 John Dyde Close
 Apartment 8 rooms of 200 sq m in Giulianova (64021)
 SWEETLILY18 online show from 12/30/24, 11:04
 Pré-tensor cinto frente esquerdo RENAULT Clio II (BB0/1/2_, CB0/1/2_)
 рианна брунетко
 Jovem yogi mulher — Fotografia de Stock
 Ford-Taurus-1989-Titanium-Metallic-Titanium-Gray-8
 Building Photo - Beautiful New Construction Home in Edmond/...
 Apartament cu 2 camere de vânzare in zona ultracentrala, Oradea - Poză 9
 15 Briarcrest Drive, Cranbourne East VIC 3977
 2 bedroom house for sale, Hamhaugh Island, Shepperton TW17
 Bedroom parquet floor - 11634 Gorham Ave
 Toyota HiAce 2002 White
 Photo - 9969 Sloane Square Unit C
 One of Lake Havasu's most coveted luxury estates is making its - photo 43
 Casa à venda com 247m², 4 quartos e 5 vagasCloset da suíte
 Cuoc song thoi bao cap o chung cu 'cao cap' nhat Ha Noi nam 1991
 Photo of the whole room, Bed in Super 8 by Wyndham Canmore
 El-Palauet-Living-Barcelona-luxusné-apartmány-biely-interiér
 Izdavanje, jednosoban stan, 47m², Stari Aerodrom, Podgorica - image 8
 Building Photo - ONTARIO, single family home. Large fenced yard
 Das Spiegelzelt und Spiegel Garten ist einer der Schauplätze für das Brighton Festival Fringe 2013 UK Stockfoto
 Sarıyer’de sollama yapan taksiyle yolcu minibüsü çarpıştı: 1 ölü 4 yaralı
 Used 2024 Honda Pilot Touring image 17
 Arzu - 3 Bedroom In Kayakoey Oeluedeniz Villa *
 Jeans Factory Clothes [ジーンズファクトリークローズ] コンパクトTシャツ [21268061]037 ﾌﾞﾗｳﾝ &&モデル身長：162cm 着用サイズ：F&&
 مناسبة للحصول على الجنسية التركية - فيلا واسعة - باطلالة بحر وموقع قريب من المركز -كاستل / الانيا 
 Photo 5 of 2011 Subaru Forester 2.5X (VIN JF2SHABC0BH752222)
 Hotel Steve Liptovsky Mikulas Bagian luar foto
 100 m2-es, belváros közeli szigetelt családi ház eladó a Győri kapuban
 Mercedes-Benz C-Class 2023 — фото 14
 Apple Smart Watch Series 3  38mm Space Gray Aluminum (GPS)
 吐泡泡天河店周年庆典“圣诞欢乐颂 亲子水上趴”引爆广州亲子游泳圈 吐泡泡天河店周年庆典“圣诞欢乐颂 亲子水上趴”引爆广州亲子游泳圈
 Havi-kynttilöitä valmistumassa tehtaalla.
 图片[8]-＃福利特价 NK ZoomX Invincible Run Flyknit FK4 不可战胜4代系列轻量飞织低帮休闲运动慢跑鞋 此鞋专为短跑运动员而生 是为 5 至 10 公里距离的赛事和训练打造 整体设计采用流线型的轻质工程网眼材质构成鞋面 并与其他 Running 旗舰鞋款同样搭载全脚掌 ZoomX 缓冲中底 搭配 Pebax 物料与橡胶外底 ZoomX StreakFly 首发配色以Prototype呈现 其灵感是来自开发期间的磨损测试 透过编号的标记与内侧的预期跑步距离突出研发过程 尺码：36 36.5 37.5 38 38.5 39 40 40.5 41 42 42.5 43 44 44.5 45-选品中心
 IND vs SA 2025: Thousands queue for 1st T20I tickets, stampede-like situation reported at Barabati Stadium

◆ ◆ ◆

PROBLEM TO SOLVE
Only the lines above starting at the one containing "One of Lake" and ending at the one containing "Building Photo - ONTARIO, single", both included, are to be returned, exactly as they read.

ANSWER BELOW
 One of Lake Havasu's most coveted luxury estates is making its - photo 43
 Casa à venda com 247m², 4 quartos e 5 vagasCloset da suíte
 Cuoc song thoi bao cap o chung cu 'cao cap' nhat Ha Noi nam 1991
 Photo of the whole room, Bed in Super 8 by Wyndham Canmore
 El-Palauet-Living-Barcelona-luxusné-apartmány-biely-interiér
 Izdavanje, jednosoban stan, 47m², Stari Aerodrom, Podgorica - image 8
 Building Photo - ONTARIO, single family home. Large fenced yard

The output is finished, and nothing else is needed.